As the day on which we celebrate the quarter-century anniversary of the Gipper’s inaugural draws to a close, I reflect on a speech Hugh posts that Presidential Advisor Karl Rove delivered to the Winter Meeting of the Republican National Committee (RNC). That good and sage man noted how the GOP has, within the last 40 years, “gone from a minority party with little influence to one that is broad and inclusive, self-assured and optimistic, forward-leaning and dominant.”
It is entirely fitting that Rove delivered this speech on this day for he focused on the notion that GOP “success springs from our ideas.” For it was under Gipper’s leadership, that ours became the party of ideas. Disparaged by his critics (many of whom similarly disparage the incumbent Republican president) as an intellectual lightweight, Ronald Reagan was a man of ideas who read widely. He studied political philosophy and economics and filled his early speeches, many of which he wrote on his own, with references to our founders and other great thinkers, men who had a vision of the role of government and the institutions needed to protect our freedom and promote our national security.
Let us hope that as we recall Ronald Reagan’s inaugural, we bear in mind that his ideas — and his leadership — helped bring our party back to life after nearly five decades in the minority.

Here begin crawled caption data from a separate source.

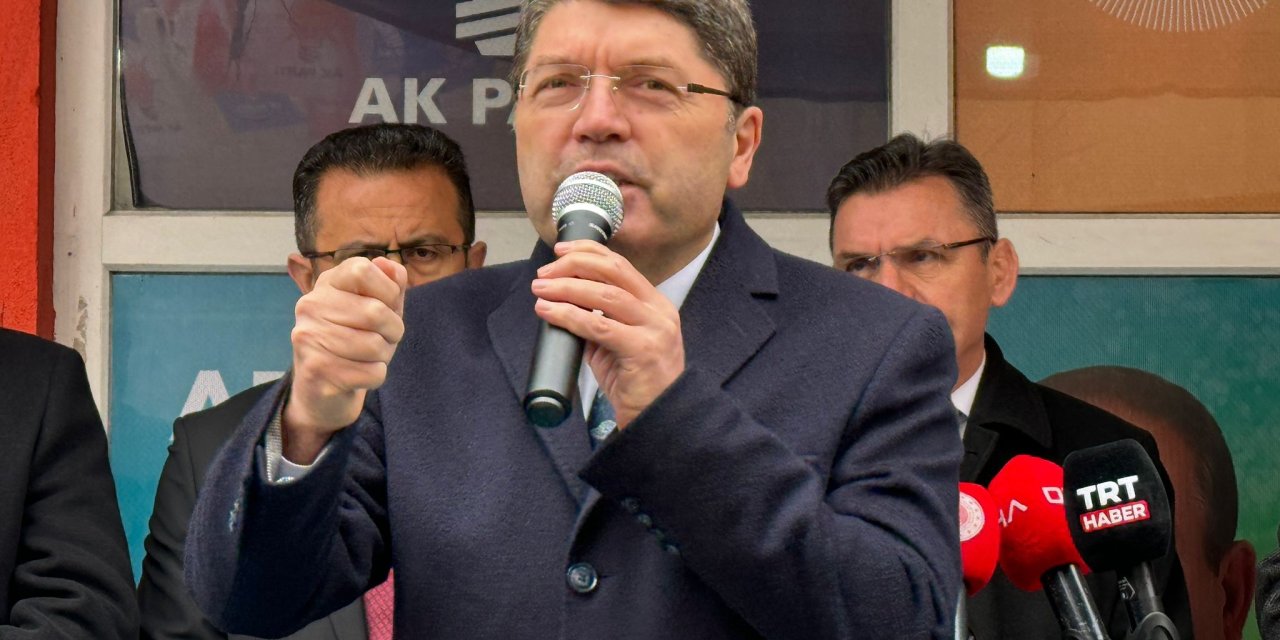 Bakan Tunç: Muhalefetin Söylediği Doğru Olsaydı, Millet Her Seçimde Erdoğan Der Miydi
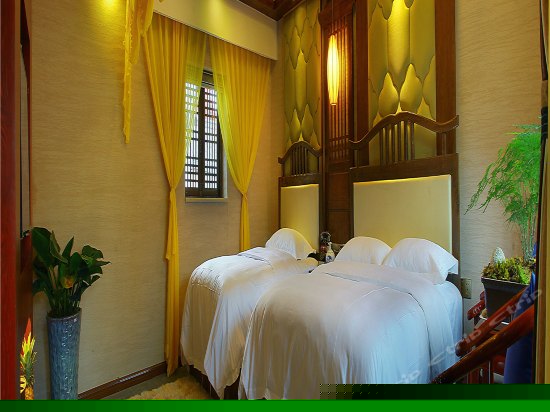 花园温馨家庭套房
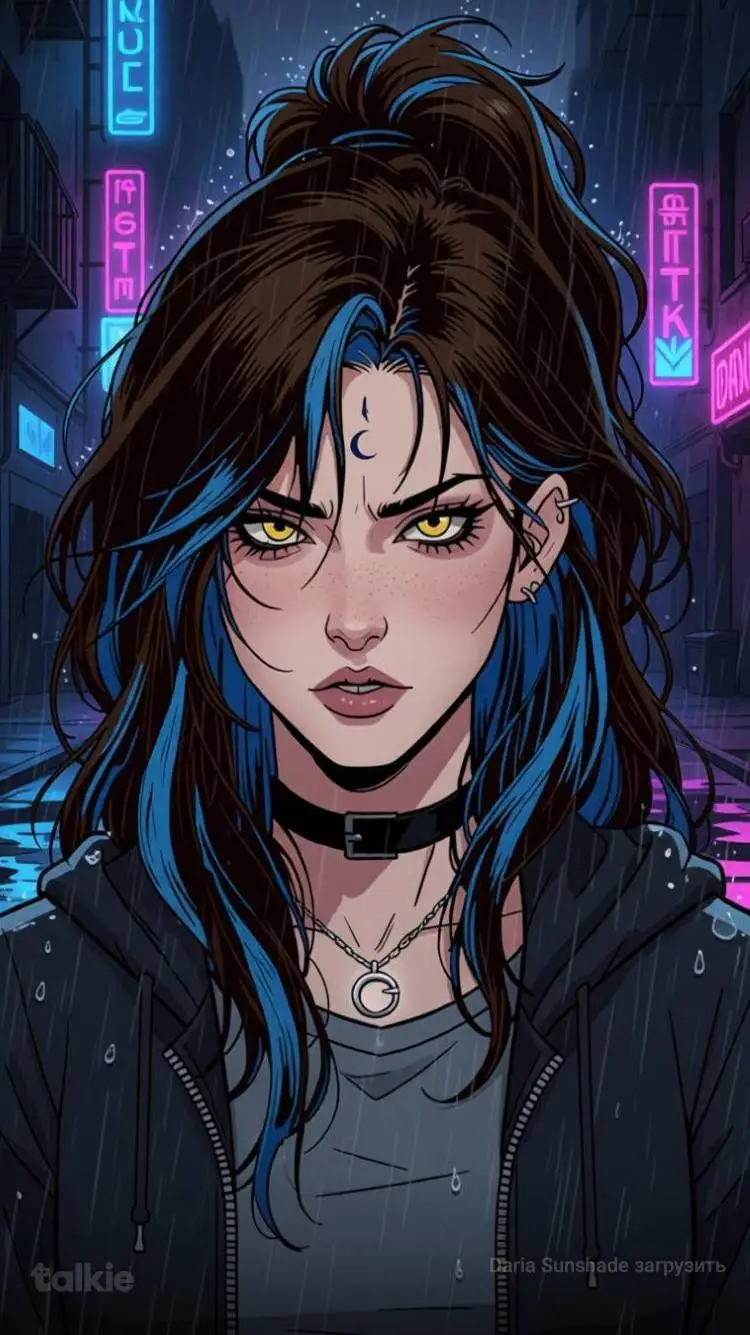 Talkie AI - Chat with RUNNING FROM SUN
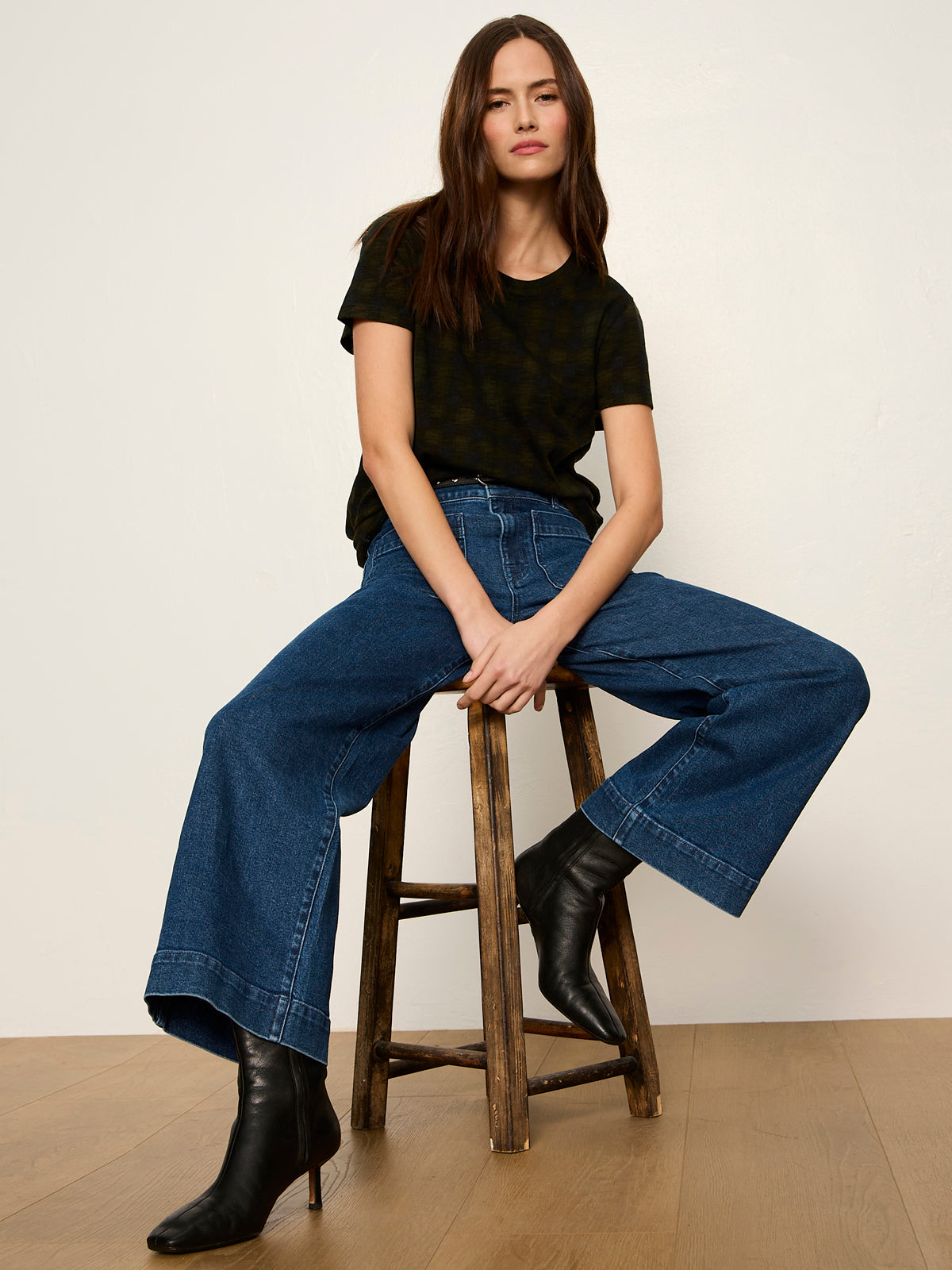 The Perfect Tee Forest Plaid | Sanctuary Clothing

And to make sure we don’t return to our minority statuts, our party’s current leaders need to hold to Reagan’s vision and so recover from recent setbacks. If House Republicans took heed of that vision, a vision which helped inspire the Contract with America, the series of policy proposals which helped bring them to power now nearly twelve years ago, they might not now be facing the troubles they are facing. It is a good sign that at least two of those up for House Majority Leader have referenced ideas near and dear to Reagan’s heart in their campaigns. They, like Rove, recognize that ours is a party of ideas.
Contrast Ronald Reagan’s vision, as Rove does, with Senate Democratic leader Harry Reid’s boast last month to a partisan audience. His party, he claimed, had “killed the Patriot Act.” That is, he did not boast of new programs Senate Democrats were promoting, but of one they had obstructed. (And one which has helped make our country more secure.) While he joined other leaders of his party Wednesday in proposing an ethics reform package to address recent lobbying scandals in the nation’s capital, he rebuffed the efforts of a Democratic Senator who put forward “proposal on “‘ethics reform’” . . . that could be bi-partisan:”
Reid told this person that this was the wrong time to be engaged in construtive (sic) “reform” proposals with the other side. He said that this was the time to draw a line and to show how “our side” differed dramatically from “their side.”
Unlike Ronald Reagan who always sought common ground with his ideological adversaries, Harry Reid wishes to focus on differences. As Polipundit‘s Lorie Byrd (one of my sources for this link) puts it: “The Democrat leadership is more concerned with making Bush look bad than in finding solutions.”